The new semester saw us back in the real classroom. Yes, I no longer taught virtual students in little square boxes on a computer screen. We were back, with liberal splashes of 70% ethanol and weird outbreak-style face shields, but we were back. At least for a while – shorter ‘fire-break’ quarantines followed.
My only misgiving about teaching in the real classroom…is I can no longer mute any of the students….. 😀

Teaching in a face shield
Teaching in a face shield

Christmas ‘20

Again, going home didn’t feel like a viable option. So we spent it in Ukraine, meeting families on Zoom from a distance. Ukraine made the decision to lift restrictions….and then bring in a lockdown straight after Ukrainian Christmas in early January for 2 weeks. It seemed to be – celebrate!!!!! – Then stay at home to contain the spread when everyone’s infected! But we were happy to have a few weeks on holiday and freedom before the quarantine, given what other countries were going through.

Merry Christmas 2020!

Bringing us back to the view from England in July 2021

As summer ’21 approached we realized we had to go home and visit. We’d been away too long. Despite restrictions and isolation rules and the cost of tests, we had to go home. We realized if we left it to Xmas ’21 and if the isolation rules were the same (i.e. in the UK as of July you had to isolate for 10 days on arrival from amber-list countries – 5 days pending a clear extra test) we wouldn’t be able to visit then either. Pushing our next trip to summer 2022. When, let’s be honest, some other crap will have probably happened like an environmental tipping point or alien invasion. Hence the decision.

The good news is, although it seemed like a ridiculously remote possibility for a long time, we managed to get vaccinated in Ukraine just before our UK trip. Ukraine prioritised those working in education at some point and therefore we made the grade.

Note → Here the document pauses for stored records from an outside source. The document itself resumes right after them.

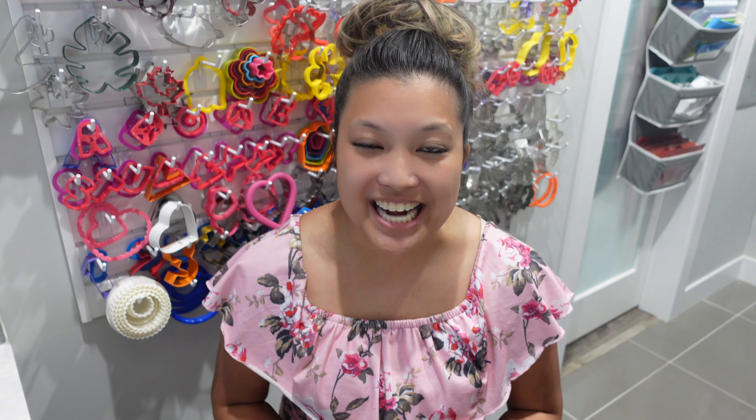Hi! It's Ashley from Sweet Dreams Bake Shop and welcome back to my channel where I make a lot of cake and cookie decorating tutorials as well as give a lot of baking business tips. Today I'm going to focus on talking to you guys about what is a stock versus a custom order.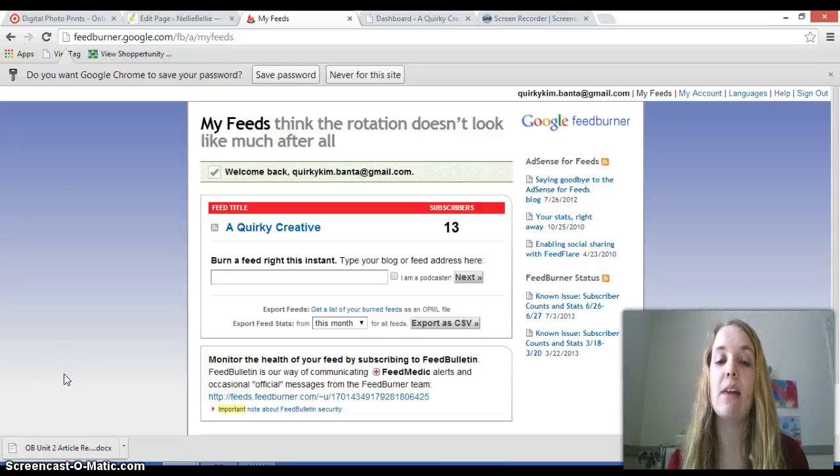Hi there, this is Lynette from Savvy Sites Administration, also known as The Belly from Nellie Belly, and today I'm going to be showing you a way that you can change your FeedBurner settings to hopefully make it so that your RSS feed goes out more smoothly.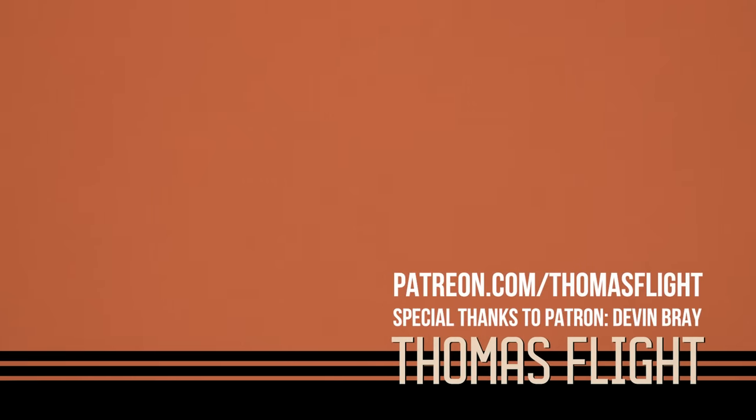Thanks so much for watching. If you enjoyed this video and want to see more of this type of content, hit that subscribe button and go to patreon.com/thomasflight where you can learn more about how you can support my channel and get extra cool stuff. Special thank you to my patrons.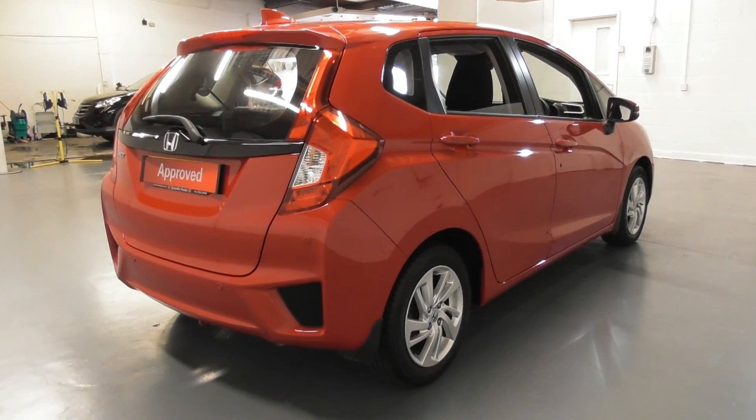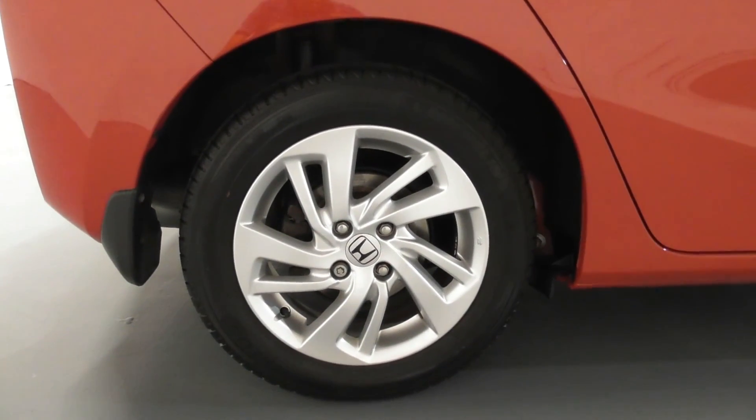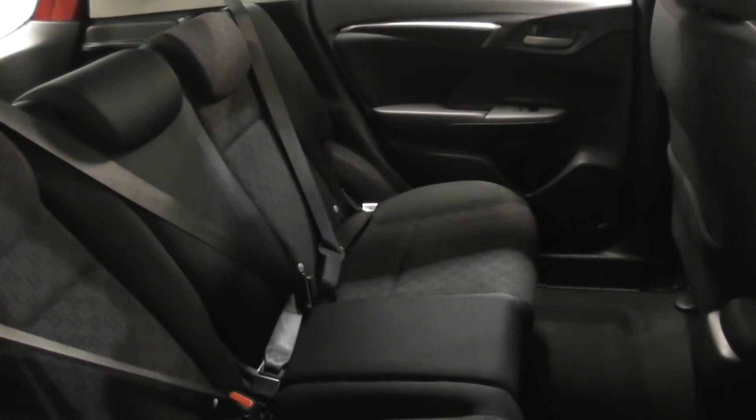The benefits of buying an approved used car from Bassett include complimentary 5 day drive away insurance, a range of financial solutions, 30 day exchange policy, assured vehicle history and half price MOT tests.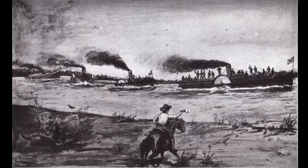The Union blockade around the city of Galveston was lifted temporarily for four days, and Galveston remained the only major port that remained in Confederate hands at the end of the war.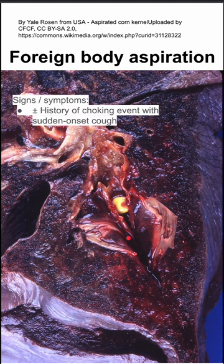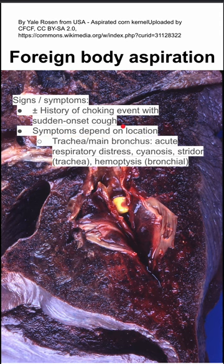The signs and symptoms of foreign body aspiration: a patient might have a history of a choking event with sudden onset coughing, although you don't always get this, especially in kids. The symptoms depend on the location.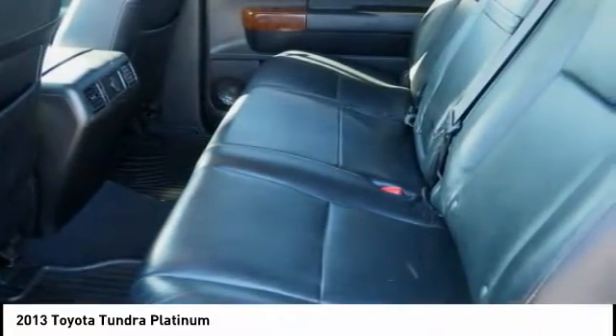traction control, electronic brake force distribution, anti-lock brakes, and tailgate assist.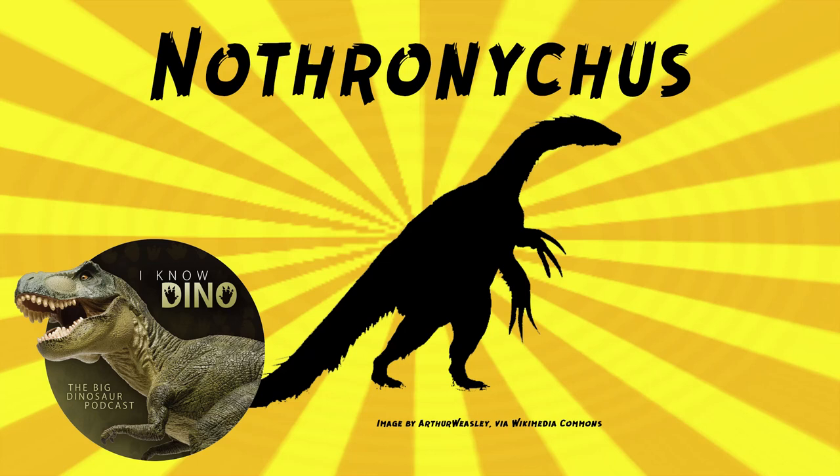And now into our dinosaur of the day: Nothronychus, which was a request from Dinosaur 4602. Nothronychus was a therizinosaur theropod that lived in the Cretaceous in what is now North America. And that's how you know it was a weird one — it was an herbivore, but it was a theropod. All therizinosaurs are weird.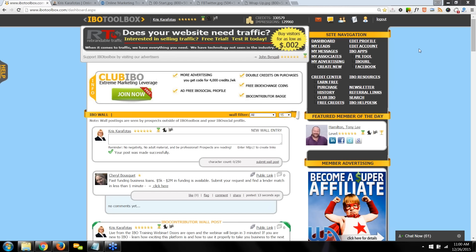Hi everyone. Welcome to the IVO Toolbox training webinar. I'm Kris Karofotis, your host. For those of you new to IVO, welcome to our community. Whether you're just getting started or a veteran member, training is critical to your success. Over the next 30 to 45 minutes, I'll be covering how to utilize all the amazing tools and resources at your fingertips. I promise if you continue attending these webinars and take it a little at a time, you'll be up to speed before you know it.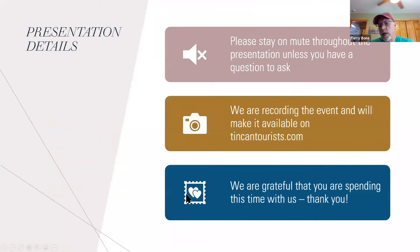Welcome everybody to what I think is the fourth or fifth Tin Can Tourist tutoring session. Most of the first ones were in the spring. Tim was involved in a couple of those as well, where he helped us understand insurance for vintage trailers. Those are all recorded and available on the Tin Can Tourist website.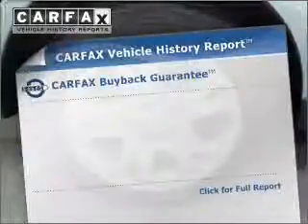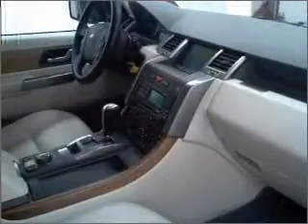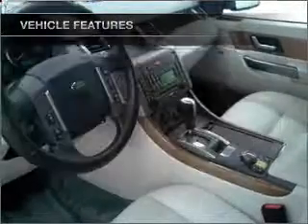An included Carfax vehicle history report allows you to purchase with confidence and the knowledge that your ride was a smart choice. And with these notable features, you won't want to miss out on the opportunity to own this amazing ride.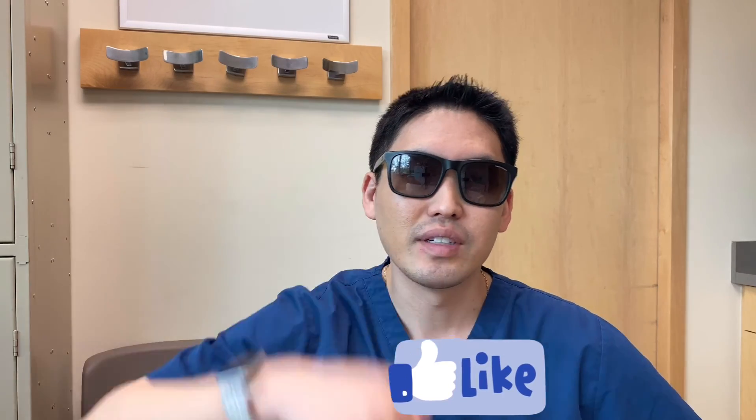Social distancing is still something we have to practice — we can't let our guards down. Be safe with your skin, be responsible with your skin: wear your sunscreen, wear your shades, and consider wearing UPF clothing as well. If you liked this video, please hit the like button and subscribe to my channel. Appreciate the support, guys. Be safe. Take care.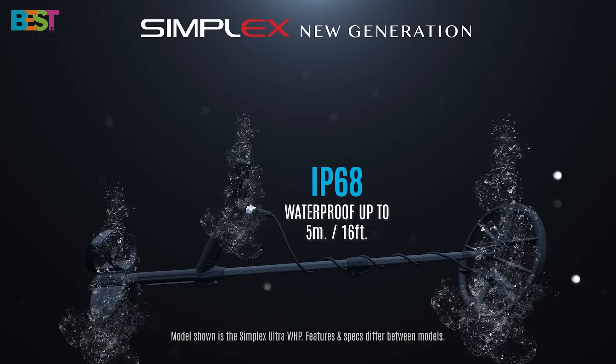Fully waterproof up to 5 meters and featuring advanced audio controls, this detector is a treasure hunter's dream. Compatible with older NOX coils, it offers customization and upgrades like never before. Say hello to the future of metal detecting.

Kate after a Covid jab – an unnecessarily large plaster there

As I’m writing this last section after our trip, I can confirm we did not test positive for Covid during any of our tests in England or on our return to Ukraine. We had a great trip visiting our families and are now ‘safely’ (?) back at work. The new semester starts next week. Let’s see how long we can keep it in a real classroom…

Covid tests UK
One of many Covid tests we had over the summer

Looking back and taking stock

I’m writing this last bit on the 24th of August, 2021 in Kyiv. It’s Ukrainian independence day – a big one – 30 years since they left the Soviet Union. There’s a military parade and every now and then I can hear a jet fighter zoom by overhead, though I can’t use the word ‘zoom’ (Zoom) in the same way anymore.

The pandemic is far from over. Even as I type this, I’m seeing reports of the crisis deepening in our old haunt of SE Asia. Lockdowns continue. Cases surge. Antivaxxers spout garbage. The news turns to the new variants and we work our way through the Greek alphabet assigning them names.

But what’s the ‘take-home-message’ (which seems an interesting phrase given many people are trapped at home and won’t be taking anything there..)?Well, I could go on about the negativities. The Covid deniers. The conspiracy theories. The failings of governments around the world. And of course, the casualties. But I think everyone knows about those things already. The positivity I’d take away from all this, is people pulling together and doing their best despite the anxieties, the sleepless nights, the overwork, the boredom and the PowerPoint dreams.

And of course, for many – the danger.

Now, go and wash your hands like it’s 2020 and give everybody some space.
…And if you get the chance – have a beer on wall outside a shop in Ukraine.